» **Listed entries**
━━━━━━━━━━━━━━━━━━━━

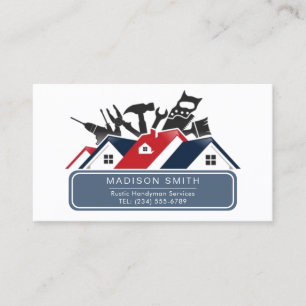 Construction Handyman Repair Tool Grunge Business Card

━━━━━━━━━━━━━━━━━━━━

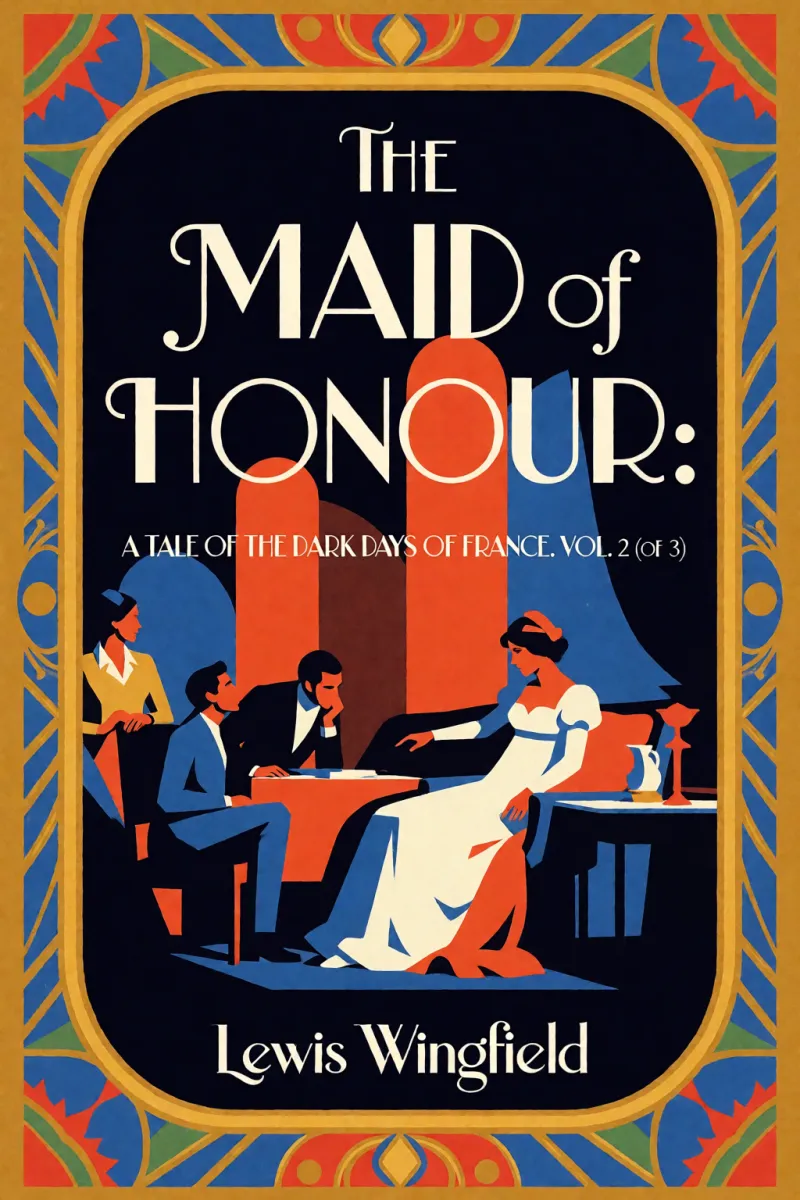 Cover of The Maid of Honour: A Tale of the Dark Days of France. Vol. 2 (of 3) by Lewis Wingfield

━━━━━━━━━━━━━━━━━━━━

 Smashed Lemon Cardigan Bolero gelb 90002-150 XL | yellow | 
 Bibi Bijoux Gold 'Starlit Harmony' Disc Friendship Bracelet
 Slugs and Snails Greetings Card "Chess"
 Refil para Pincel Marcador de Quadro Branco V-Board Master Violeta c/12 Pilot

━━━━━━━━━━━━━━━━━━━━

» **Problem to work on**
Please reproduce exactly the lines in the listing above from the one containing "Bibi Bijoux Gold" through the one containing "Refil para Pincel", both included, and nothing more.

» **Output for this task**
 Bibi Bijoux Gold 'Starlit Harmony' Disc Friendship Bracelet
 Slugs and Snails Greetings Card "Chess"
 Refil para Pincel Marcador de Quadro Branco V-Board Master Violeta c/12 Pilot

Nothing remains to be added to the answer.